We recently presented the latest development of the Mogwaï Framework during the OCL Workshop co-located with MODELS’18. This new contribution is based on the scalable model query computation provided by Mogwaï to improve the execution time and memory consumption of large model validations.
The approach is based on an initial pre-processing of the OCL constraints that transforms them into global queries over the model. This rewriting operation allows to express the constraint as a model traversal, that can be translated by our query framework into an efficient database query benefiting from the query optimizations and indexes of the backend.
Interesting discussions were raised during the workshop on using query rewriting techniques to improve model validation computation. We discussed how the standard OCL interpreter could be improved to leverage the “global vision” provided by traversal queries, as well as how query rewriting could be used to improve database query generation based on the efficiency of individual operation mapping.
You can find the slides online, as well as the entire article here.

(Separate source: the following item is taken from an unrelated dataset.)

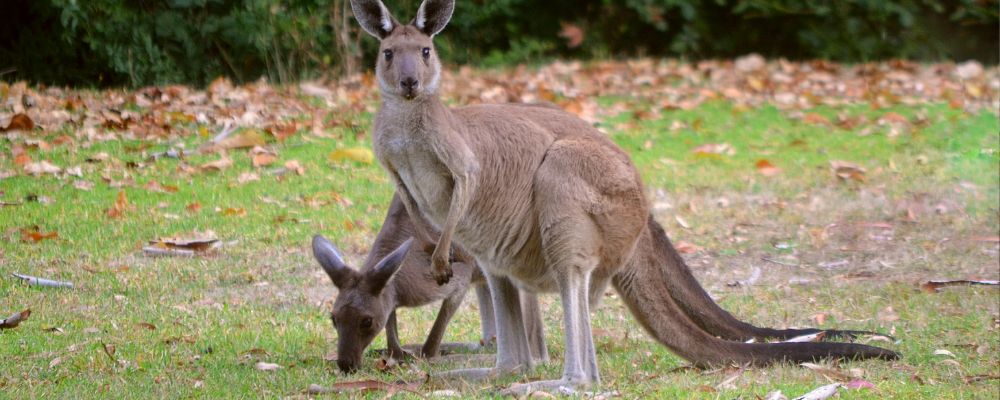 Kangaroo Experience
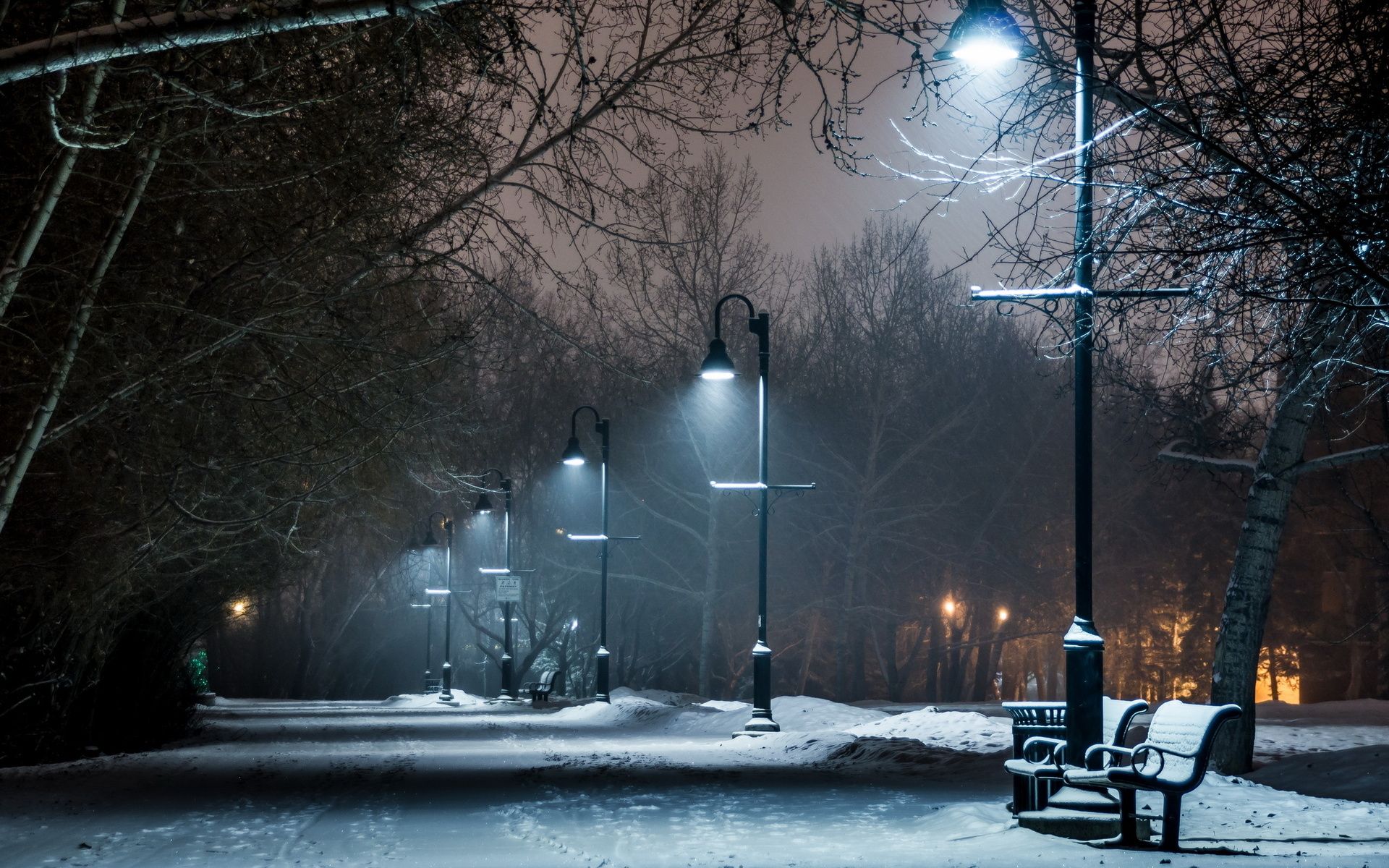 1920x1200 park, Winter, Snow, Bench, Lights, Lamp, Post, Night, Path, Trail Wallpaper HD / Desktop and Mobile Background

You can also continue reading below for an online version of the publication. You can also check the tutorial we gave at MODELS on Hawk, NeoEMF, and Mogwaï if you are interested in technical details related to the framework. Do not hesitate to use the comment section below to share your thoughts on the paper, or tell us if you have a use case that could benefit from our framework.
Scalable model persistence frameworks have been proposed to handle large (potentially generated) models involved in current industrial processes. They usually rely on databases to store and access the underlying models, and provide a lazy-loading strategy that aims to reduce the memory footprint of model navigation and manipulation. Dedicated query and transformation solutions have been proposed to further improve performances by generating native database queries leveraging the backend’s advanced capabilities. However, existing solutions are not designed to specifically target the validation of a set of constraints over large models. They usually rely on low-level modeling APIs to retrieve model elements to validate, limiting the benefits of computing native database queries. In this paper we present an extension of the Mogwaï query engine that aims to handle large model validation efficiently. We show how model constraints are pre-processed and translated into database queries, and how the validation of the model can benefit from the underlying database optimizations. Our approach is released as a set of open source Eclipse plugins and is fully available online.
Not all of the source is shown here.